> _YOUR OBJECTIVE_: Leaving the pictures aside, repeat each line below exactly.

> _DATA_:
[Start of section]

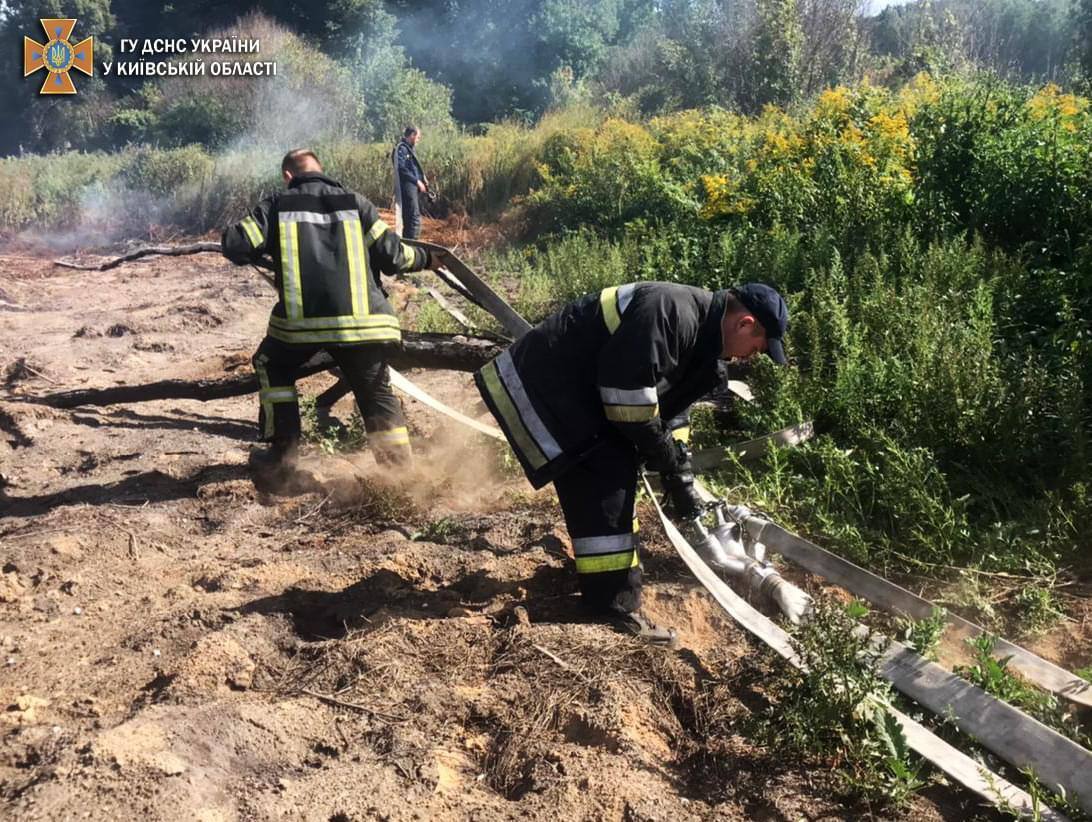 Через пожежі на торфовищах Київ опинився на першому місці в світі із забруднення повітря. Фото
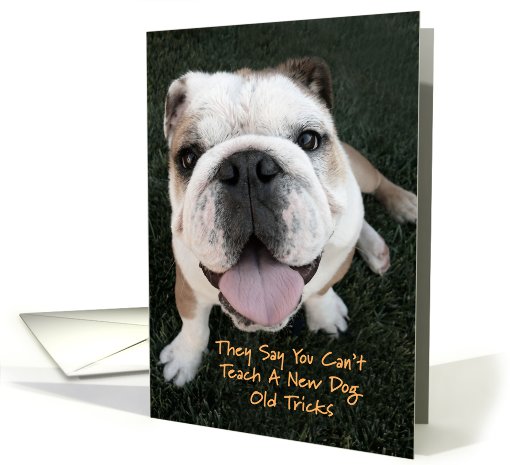 Bulldog Birthday card (518688)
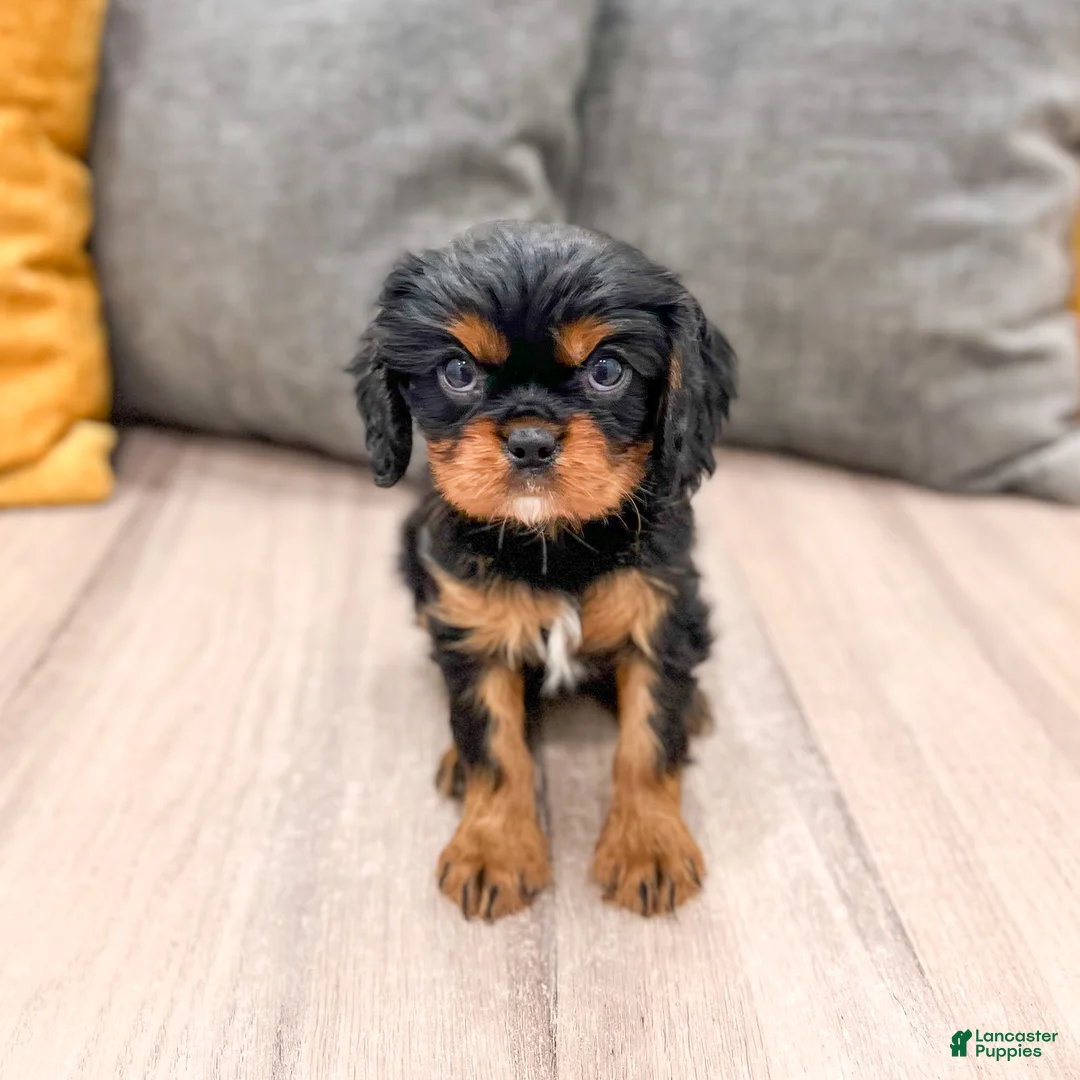 Cavalier King Charles Spaniel dogs for sale: Maddie - Ad 1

[End of section]

> _WRITTEN SOLUTION_:
 Через пожежі на торфовищах Київ опинився на першому місці в світі із забруднення повітря. Фото
 Bulldog Birthday card (518688)
 Cavalier King Charles Spaniel dogs for sale: Maddie - Ad 1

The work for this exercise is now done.